Instructions to follow: Find the line that contains "Деревянная грудь на продажу (9 фото)", then repeat it and each line after it to the end of the records, exactly.

Records from a dataset
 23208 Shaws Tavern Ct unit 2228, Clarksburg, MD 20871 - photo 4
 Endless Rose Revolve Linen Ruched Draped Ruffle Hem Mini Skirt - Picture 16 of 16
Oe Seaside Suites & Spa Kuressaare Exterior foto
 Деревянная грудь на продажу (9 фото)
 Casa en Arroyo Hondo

Output for this task:
 Деревянная грудь на продажу (9 фото)
 Casa en Arroyo Hondo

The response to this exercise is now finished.